▶ What needs to be done:
Repeat verbatim, and only, the lines of the data below, beginning at the line that contains "Calacas Skeletons Spooky" and stopping after the line that contains "5 Flower Butterfly".

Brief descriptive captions
++++++++++++++++++++

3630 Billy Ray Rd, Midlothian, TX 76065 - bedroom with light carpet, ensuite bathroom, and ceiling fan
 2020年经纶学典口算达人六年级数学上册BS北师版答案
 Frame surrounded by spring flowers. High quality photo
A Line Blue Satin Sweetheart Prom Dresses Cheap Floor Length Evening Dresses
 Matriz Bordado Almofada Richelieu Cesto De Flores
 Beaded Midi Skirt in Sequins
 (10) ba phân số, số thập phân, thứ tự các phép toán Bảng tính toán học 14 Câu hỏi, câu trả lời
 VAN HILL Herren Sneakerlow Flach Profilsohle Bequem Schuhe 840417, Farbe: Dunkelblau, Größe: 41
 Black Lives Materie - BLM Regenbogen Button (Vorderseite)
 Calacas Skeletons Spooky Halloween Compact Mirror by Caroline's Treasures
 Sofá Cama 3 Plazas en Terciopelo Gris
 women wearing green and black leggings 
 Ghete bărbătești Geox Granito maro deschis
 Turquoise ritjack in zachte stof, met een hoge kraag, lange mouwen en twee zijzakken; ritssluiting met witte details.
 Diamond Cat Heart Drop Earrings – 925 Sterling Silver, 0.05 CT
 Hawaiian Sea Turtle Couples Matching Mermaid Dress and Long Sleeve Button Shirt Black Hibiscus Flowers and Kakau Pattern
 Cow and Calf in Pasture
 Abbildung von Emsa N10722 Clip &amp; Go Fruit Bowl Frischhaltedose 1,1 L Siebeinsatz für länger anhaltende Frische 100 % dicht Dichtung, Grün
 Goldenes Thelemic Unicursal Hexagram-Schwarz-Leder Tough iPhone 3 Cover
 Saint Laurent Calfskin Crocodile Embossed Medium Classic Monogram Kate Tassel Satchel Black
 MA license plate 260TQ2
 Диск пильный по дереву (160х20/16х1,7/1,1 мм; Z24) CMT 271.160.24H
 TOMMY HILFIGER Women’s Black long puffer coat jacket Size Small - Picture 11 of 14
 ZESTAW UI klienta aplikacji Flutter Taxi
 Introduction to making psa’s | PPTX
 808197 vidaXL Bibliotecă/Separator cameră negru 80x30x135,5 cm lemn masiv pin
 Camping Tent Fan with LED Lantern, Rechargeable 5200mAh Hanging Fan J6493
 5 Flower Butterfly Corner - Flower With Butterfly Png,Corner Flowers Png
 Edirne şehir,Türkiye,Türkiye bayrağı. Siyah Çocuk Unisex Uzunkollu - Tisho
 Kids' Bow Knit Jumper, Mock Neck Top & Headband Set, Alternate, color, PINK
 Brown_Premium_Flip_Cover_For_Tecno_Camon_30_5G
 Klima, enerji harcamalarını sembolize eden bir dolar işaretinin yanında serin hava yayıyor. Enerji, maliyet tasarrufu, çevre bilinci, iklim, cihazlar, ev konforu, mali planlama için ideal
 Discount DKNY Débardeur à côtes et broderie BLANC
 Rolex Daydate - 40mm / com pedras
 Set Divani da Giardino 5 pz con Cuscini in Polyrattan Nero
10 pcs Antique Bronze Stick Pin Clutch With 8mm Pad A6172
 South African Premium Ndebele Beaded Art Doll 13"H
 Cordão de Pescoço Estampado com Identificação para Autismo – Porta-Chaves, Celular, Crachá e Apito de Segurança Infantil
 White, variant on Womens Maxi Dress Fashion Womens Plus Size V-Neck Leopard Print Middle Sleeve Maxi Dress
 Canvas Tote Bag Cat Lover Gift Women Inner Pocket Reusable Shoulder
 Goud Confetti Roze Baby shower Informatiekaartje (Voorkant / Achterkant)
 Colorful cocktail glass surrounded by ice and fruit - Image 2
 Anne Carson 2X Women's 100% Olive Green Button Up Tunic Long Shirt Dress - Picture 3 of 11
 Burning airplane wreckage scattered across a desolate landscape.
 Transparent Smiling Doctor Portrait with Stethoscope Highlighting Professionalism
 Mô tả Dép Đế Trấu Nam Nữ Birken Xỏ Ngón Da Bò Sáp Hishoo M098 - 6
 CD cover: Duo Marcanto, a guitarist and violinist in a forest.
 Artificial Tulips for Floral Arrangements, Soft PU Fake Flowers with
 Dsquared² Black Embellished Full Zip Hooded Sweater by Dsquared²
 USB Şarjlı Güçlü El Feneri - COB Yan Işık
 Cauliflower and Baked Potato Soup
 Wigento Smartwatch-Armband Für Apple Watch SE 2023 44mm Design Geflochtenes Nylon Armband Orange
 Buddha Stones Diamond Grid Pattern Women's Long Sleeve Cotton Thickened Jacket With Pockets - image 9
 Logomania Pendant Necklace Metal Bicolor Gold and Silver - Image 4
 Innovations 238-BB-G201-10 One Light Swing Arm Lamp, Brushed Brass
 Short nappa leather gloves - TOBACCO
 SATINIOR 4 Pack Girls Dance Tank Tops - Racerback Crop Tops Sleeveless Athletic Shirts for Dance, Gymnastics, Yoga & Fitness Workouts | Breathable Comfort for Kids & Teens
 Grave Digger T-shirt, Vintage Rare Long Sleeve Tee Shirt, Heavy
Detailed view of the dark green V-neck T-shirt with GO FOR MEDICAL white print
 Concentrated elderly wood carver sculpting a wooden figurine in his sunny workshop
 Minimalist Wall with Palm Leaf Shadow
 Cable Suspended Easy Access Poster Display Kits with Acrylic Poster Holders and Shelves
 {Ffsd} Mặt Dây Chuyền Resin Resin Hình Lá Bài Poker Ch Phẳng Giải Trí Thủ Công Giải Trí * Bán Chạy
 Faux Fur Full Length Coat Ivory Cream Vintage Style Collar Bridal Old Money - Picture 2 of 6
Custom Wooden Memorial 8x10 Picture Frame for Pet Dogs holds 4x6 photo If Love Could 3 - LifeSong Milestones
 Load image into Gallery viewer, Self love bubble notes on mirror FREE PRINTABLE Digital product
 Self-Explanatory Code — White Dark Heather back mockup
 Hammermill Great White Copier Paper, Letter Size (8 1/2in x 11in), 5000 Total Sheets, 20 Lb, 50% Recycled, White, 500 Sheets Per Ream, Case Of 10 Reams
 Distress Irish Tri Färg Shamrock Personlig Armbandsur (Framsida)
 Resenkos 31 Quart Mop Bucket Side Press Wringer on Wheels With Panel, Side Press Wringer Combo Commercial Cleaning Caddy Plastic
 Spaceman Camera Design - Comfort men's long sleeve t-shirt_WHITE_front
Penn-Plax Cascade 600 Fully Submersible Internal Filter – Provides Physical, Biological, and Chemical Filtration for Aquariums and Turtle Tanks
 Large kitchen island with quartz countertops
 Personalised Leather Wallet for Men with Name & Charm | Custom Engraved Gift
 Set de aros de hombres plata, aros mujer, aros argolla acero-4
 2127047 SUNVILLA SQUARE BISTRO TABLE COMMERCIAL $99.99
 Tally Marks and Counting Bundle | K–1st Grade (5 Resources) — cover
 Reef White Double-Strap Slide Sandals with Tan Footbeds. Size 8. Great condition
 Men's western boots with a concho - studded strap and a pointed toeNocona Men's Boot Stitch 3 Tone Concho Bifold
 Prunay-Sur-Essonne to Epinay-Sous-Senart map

++++++++++++++++++++

▶ Response to this exercise:
 Calacas Skeletons Spooky Halloween Compact Mirror by Caroline's Treasures
 Sofá Cama 3 Plazas en Terciopelo Gris
 women wearing green and black leggings 
 Ghete bărbătești Geox Granito maro deschis
 Turquoise ritjack in zachte stof, met een hoge kraag, lange mouwen en twee zijzakken; ritssluiting met witte details.
 Diamond Cat Heart Drop Earrings – 925 Sterling Silver, 0.05 CT
 Hawaiian Sea Turtle Couples Matching Mermaid Dress and Long Sleeve Button Shirt Black Hibiscus Flowers and Kakau Pattern
 Cow and Calf in Pasture
 Abbildung von Emsa N10722 Clip &amp; Go Fruit Bowl Frischhaltedose 1,1 L Siebeinsatz für länger anhaltende Frische 100 % dicht Dichtung, Grün
 Goldenes Thelemic Unicursal Hexagram-Schwarz-Leder Tough iPhone 3 Cover
 Saint Laurent Calfskin Crocodile Embossed Medium Classic Monogram Kate Tassel Satchel Black
 MA license plate 260TQ2
 Диск пильный по дереву (160х20/16х1,7/1,1 мм; Z24) CMT 271.160.24H
 TOMMY HILFIGER Women’s Black long puffer coat jacket Size Small - Picture 11 of 14
 ZESTAW UI klienta aplikacji Flutter Taxi
 Introduction to making psa’s | PPTX
 808197 vidaXL Bibliotecă/Separator cameră negru 80x30x135,5 cm lemn masiv pin
 Camping Tent Fan with LED Lantern, Rechargeable 5200mAh Hanging Fan J6493
 5 Flower Butterfly Corner - Flower With Butterfly Png,Corner Flowers Png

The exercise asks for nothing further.